Short web captions:
━━━━━━━━━━━━━━━━━━━━
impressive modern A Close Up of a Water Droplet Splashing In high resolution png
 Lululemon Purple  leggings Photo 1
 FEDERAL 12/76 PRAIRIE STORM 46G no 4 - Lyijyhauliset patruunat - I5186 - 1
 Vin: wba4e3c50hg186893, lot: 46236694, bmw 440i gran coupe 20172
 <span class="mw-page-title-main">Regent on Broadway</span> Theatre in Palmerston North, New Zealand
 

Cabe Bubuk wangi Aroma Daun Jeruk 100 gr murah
━━━━━━━━━━━━━━━━━━━━
> _Activity_:
Every line from the first entry to the line containing "Vin: wba4e3c50hg186893, lot: 46236694, bmw" should be transcribed exactly, and nothing beyond it.

> _Answer box_:
impressive modern A Close Up of a Water Droplet Splashing In high resolution png
 Lululemon Purple  leggings Photo 1
 FEDERAL 12/76 PRAIRIE STORM 46G no 4 - Lyijyhauliset patruunat - I5186 - 1
 Vin: wba4e3c50hg186893, lot: 46236694, bmw 440i gran coupe 20172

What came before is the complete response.